▶ Data block:
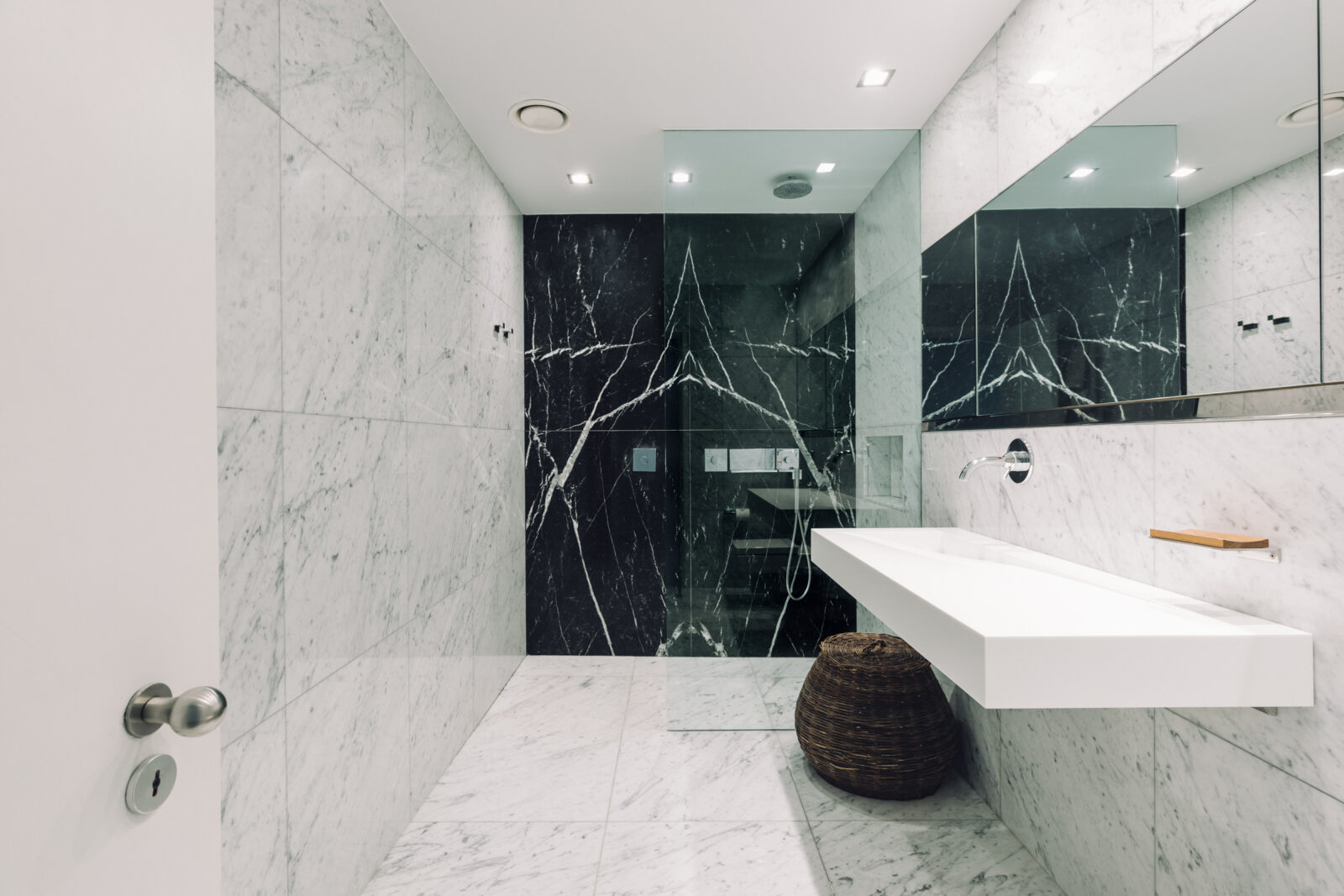 salle de bain marbre maison contemporaine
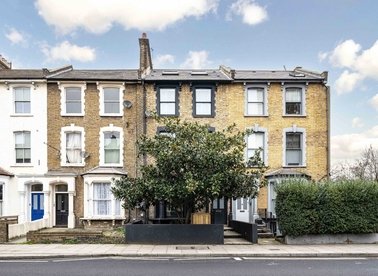 Properties for sale in Graham Road - E8 1PD view1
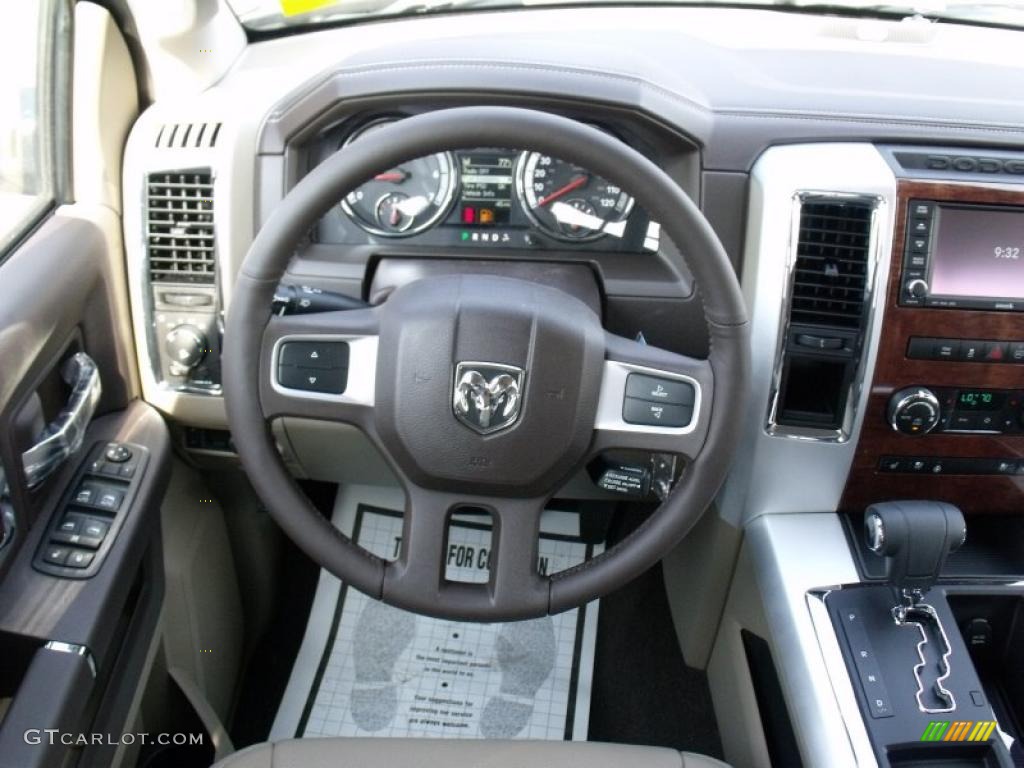 2011 Ram 1500 Laramie Crew Cab - Rugged Brown Pearl / Light Pebble Beige/Bark Brown photo #11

▶ Your task: Omit pictures; set down the rest of the material word for word.

▶ The completed task:
 salle de bain marbre maison contemporaine
 Properties for sale in Graham Road - E8 1PD view1
 2011 Ram 1500 Laramie Crew Cab - Rugged Brown Pearl / Light Pebble Beige/Bark Brown photo #11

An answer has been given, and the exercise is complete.